■ WHAT YOU NEED TO DO: Retype the listing below exactly, pictures removed.

■ DATASET EXCERPT:
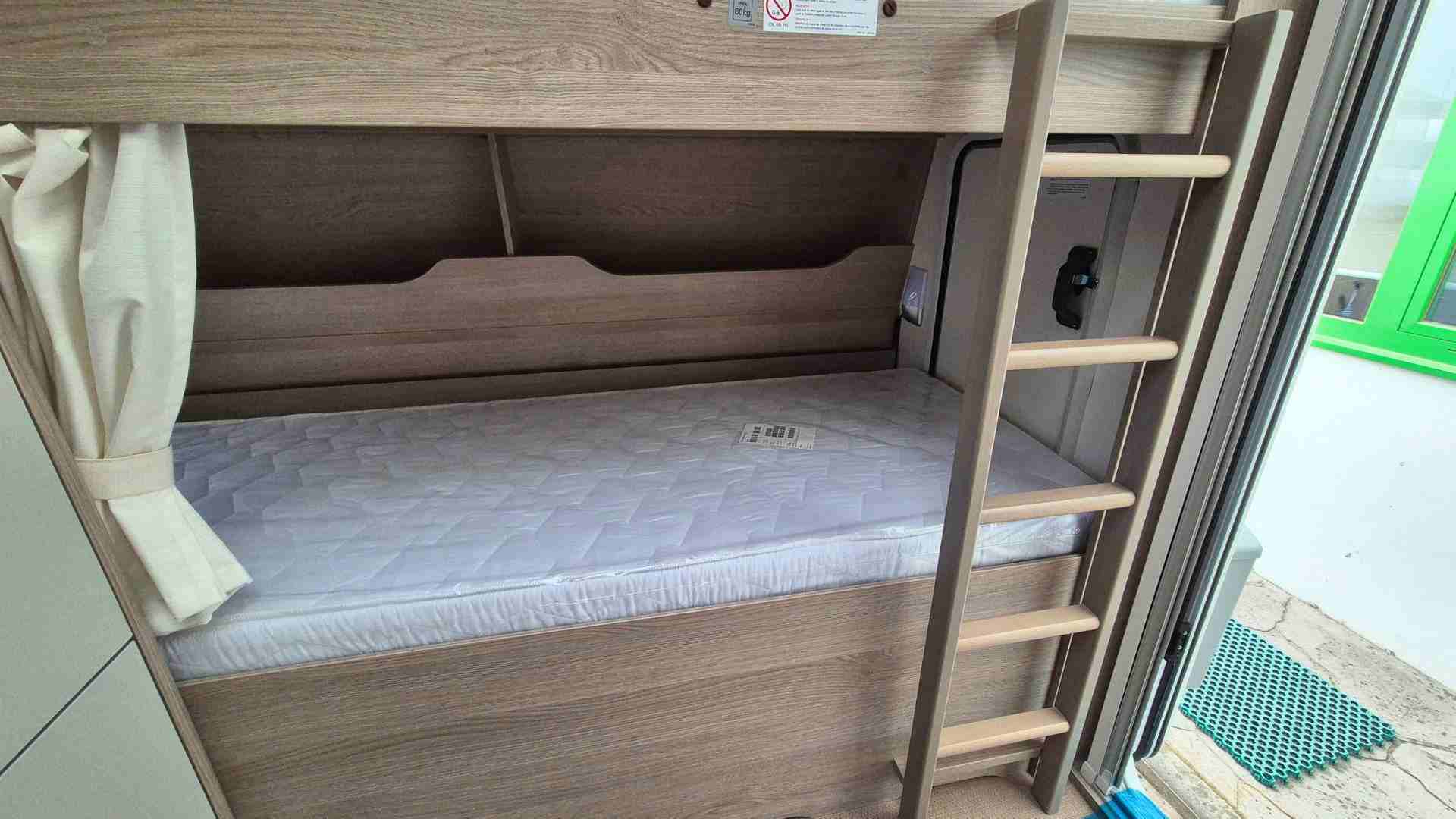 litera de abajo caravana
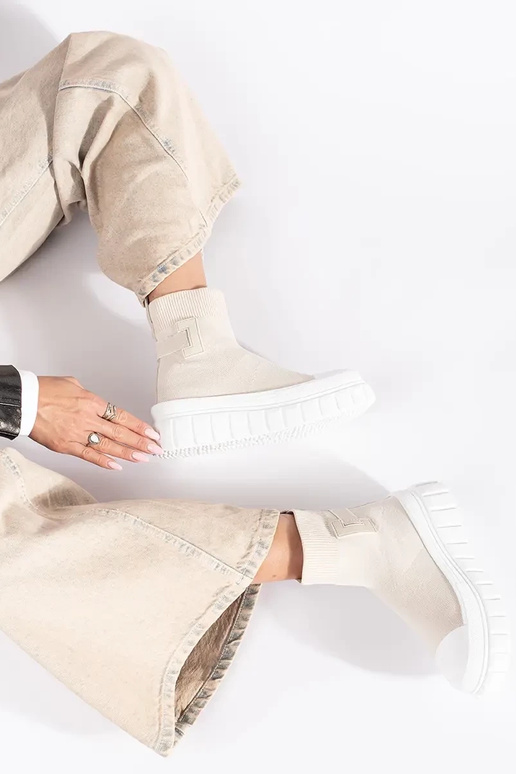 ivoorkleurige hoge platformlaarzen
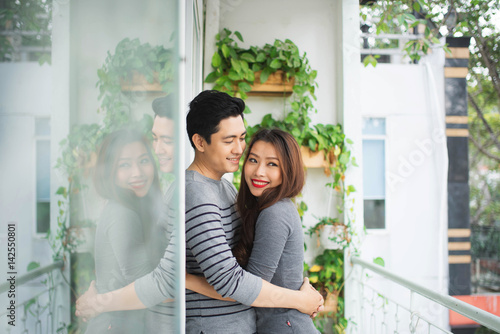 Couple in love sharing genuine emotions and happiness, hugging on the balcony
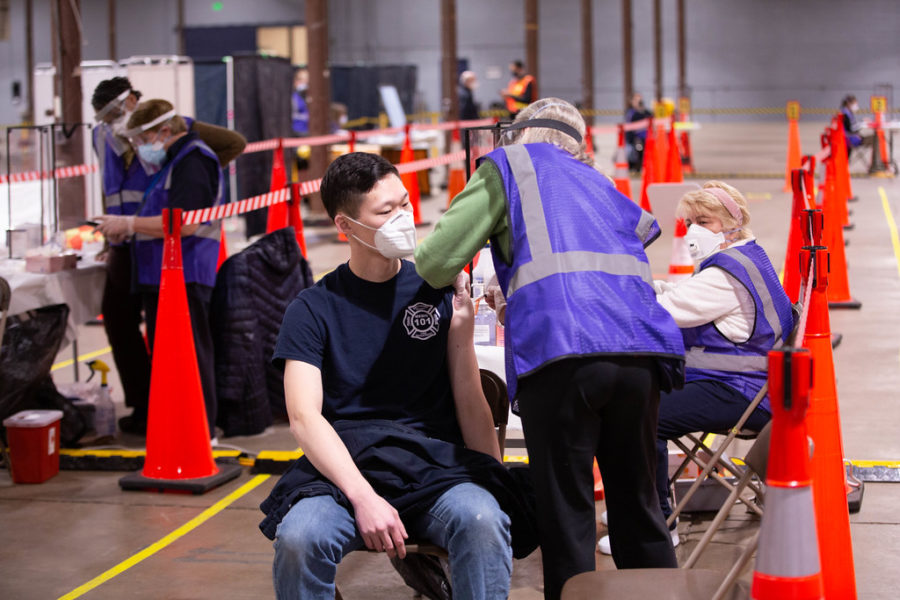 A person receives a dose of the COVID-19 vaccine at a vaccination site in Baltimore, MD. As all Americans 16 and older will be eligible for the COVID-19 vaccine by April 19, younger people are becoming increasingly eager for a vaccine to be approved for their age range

■ ANSWER BOX:
 litera de abajo caravana
 ivoorkleurige hoge platformlaarzen
 Couple in love sharing genuine emotions and happiness, hugging on the balcony
 A person receives a dose of the COVID-19 vaccine at a vaccination site in Baltimore, MD. As all Americans 16 and older will be eligible for the COVID-19 vaccine by April 19, younger people are becoming increasingly eager for a vaccine to be approved for their age range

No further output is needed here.